Lara hanya tersenyum, senyum yang penuh kepedihan. “Aku datang bukan untuk meminta maaf atau memintamu kembali. Aku tahu, tak ada yang bisa mengembalikan apa yang telah kita lewatkan. Aku hanya ingin kau tahu bahwa aku tak pernah lupa, tak pernah berhenti mencintaimu.”
Reza menatap Lara dalam kebisuan. Dia ingin mengatakan sesuatu, ingin memeluk wanita itu, tapi dia tak bisa bergerak. Lara telah hancur, dan sekarang, dia merasa kehilangan untuk kedua kalinya, kali ini lebih menyakitkan dari sebelumnya. Di balik kata-kata Lara, ada kepastian yang membuat Reza tak bisa bernapas.
“Kau akan baik-baik saja, Ra,” bisik Reza, suaranya hampir tak terdengar. ” Kita bisa memperbaiki semuanya. Kita bisa kembali…”
Lara menggeleng pelan. “Tak ada yang bisa diperbaiki, Reza. Aku akan pergi, dan aku tak akan kembali lagi.”
Sebelum Reza sempat merespons, Lara melangkah pergi. Melangkah perlahan menuju ujung jalan setapak yang semakin memudar di balik senja. Reza tetap berdiri, menatap punggungnya yang semakin menjauh, seolah dibawa pergi oleh angin dan cahaya yang memudar. Hatinya kosong, seperti jalan setapak yang tak berujung di depannya.
***
Esok paginya, tubuh Lara ditemukan tergeletak di ujung jalan, tepat di tikungan. Tidak ada yang tahu apa yang telah terjadi padanya, kecuali Reza. Lara tak pernah benar-benar pergi dari hatinya, tapi kini dia telah pergi untuk selamanya.

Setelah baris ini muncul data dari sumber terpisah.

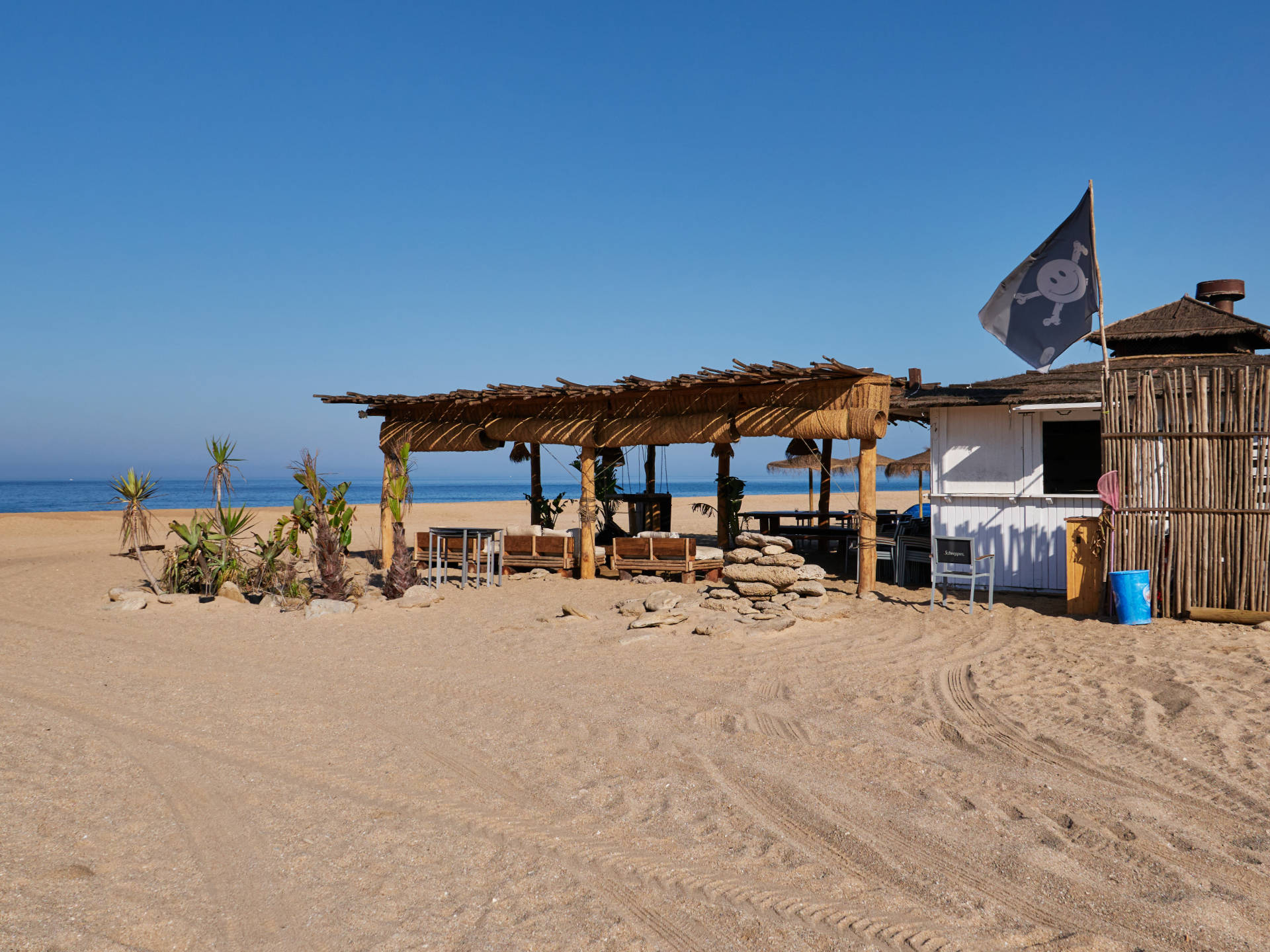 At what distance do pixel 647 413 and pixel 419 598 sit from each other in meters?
4.31

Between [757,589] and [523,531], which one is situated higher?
[523,531]

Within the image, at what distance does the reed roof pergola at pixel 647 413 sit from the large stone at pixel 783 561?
1.06 m

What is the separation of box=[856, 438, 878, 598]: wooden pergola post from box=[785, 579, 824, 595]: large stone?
0.97 metres

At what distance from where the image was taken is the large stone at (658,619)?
369 inches

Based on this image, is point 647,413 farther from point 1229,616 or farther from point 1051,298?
point 1229,616

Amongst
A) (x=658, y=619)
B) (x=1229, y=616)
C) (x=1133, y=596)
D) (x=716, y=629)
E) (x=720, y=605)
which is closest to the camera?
(x=1229, y=616)

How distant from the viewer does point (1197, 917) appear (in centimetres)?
316

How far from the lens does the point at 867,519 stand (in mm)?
11109

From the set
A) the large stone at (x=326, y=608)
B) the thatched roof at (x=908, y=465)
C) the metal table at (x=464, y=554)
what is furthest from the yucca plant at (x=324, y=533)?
the thatched roof at (x=908, y=465)

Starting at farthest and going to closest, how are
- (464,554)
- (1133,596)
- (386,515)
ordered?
1. (386,515)
2. (464,554)
3. (1133,596)

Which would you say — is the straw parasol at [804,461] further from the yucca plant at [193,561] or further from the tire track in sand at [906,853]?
the tire track in sand at [906,853]

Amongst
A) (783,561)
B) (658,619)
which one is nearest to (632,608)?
(658,619)

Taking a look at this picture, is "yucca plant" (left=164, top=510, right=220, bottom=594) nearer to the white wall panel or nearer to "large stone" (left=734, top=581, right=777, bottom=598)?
"large stone" (left=734, top=581, right=777, bottom=598)

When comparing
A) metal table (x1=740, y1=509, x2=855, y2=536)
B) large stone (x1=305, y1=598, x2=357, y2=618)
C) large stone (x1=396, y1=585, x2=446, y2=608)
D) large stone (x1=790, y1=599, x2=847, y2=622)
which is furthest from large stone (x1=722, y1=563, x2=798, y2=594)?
large stone (x1=305, y1=598, x2=357, y2=618) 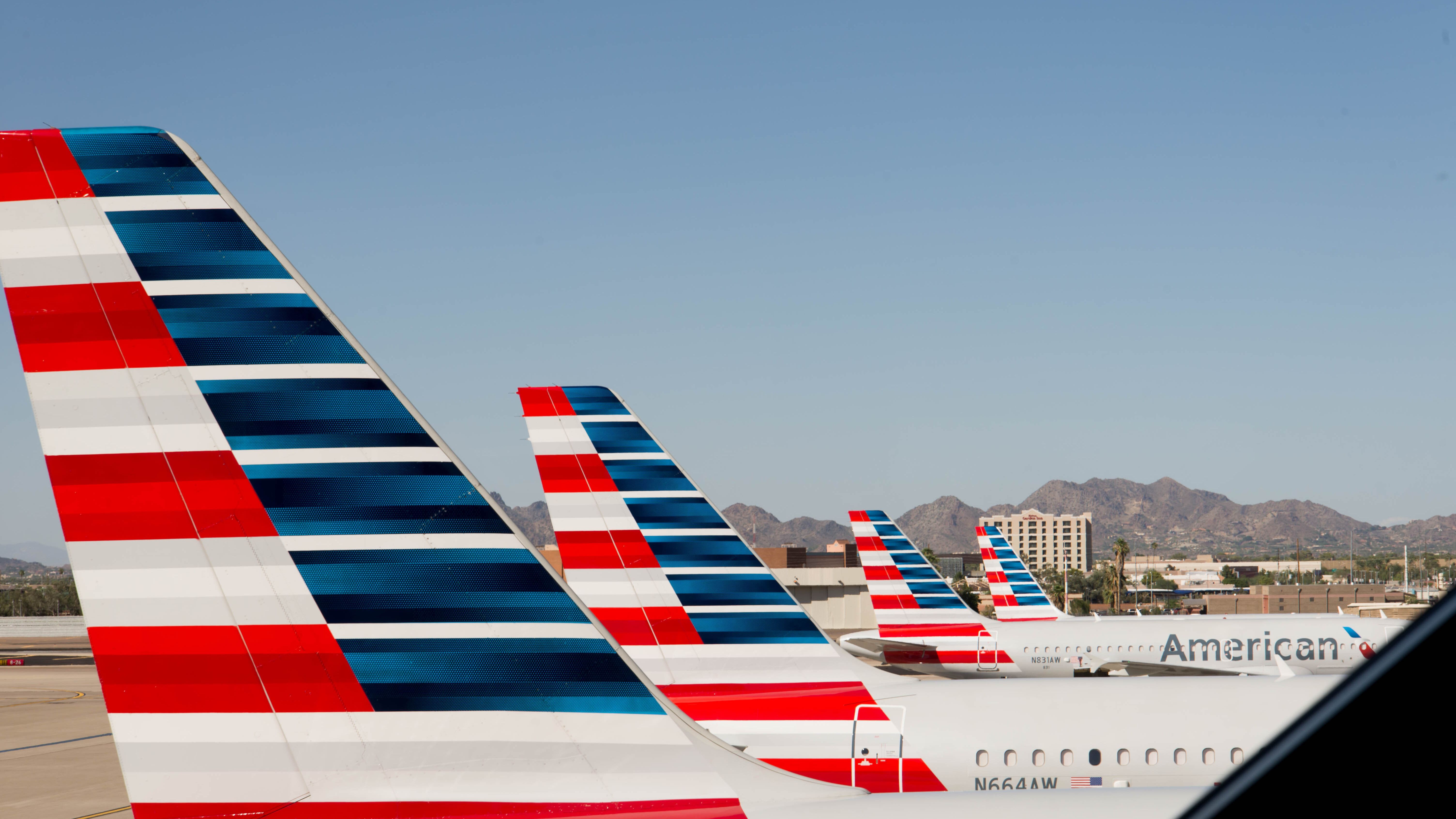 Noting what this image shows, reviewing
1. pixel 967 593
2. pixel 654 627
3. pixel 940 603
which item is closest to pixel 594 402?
pixel 654 627

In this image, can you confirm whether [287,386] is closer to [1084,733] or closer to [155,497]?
[155,497]

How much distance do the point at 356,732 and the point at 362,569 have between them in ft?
3.03

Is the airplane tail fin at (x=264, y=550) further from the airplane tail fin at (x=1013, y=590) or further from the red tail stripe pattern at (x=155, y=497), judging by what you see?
the airplane tail fin at (x=1013, y=590)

Reza berdiri di ujung jalan itu, memandang tanpa berkata apa-apa. Orang-orang berkumpul, saling berbisik, menebak-nebak apa yang menimpa wanita itu. Tapi bagi Reza, semuanya sudah jelas. Lara bukan hanya pamit untuk sekadar pergi; dia pamit untuk selamanya. Hatinya sesak, terlalu banyak hal yang ingin ia katakan kemarin, tapi kini semuanya terlambat.
Reza menatap ke langit, mencoba mencari ketenangan yang tak pernah datang. ‘Sadarlah Reza, bahwa Lara bukan hanya pamit. Dia datang untuk mengucapkan selamat tinggal, untuk selamanya.’ Gumamnya.
Reza menarik napas dalam-dalam, mencoba mencari jawaban, mencari ketenangan yang selama ini ia dambakan.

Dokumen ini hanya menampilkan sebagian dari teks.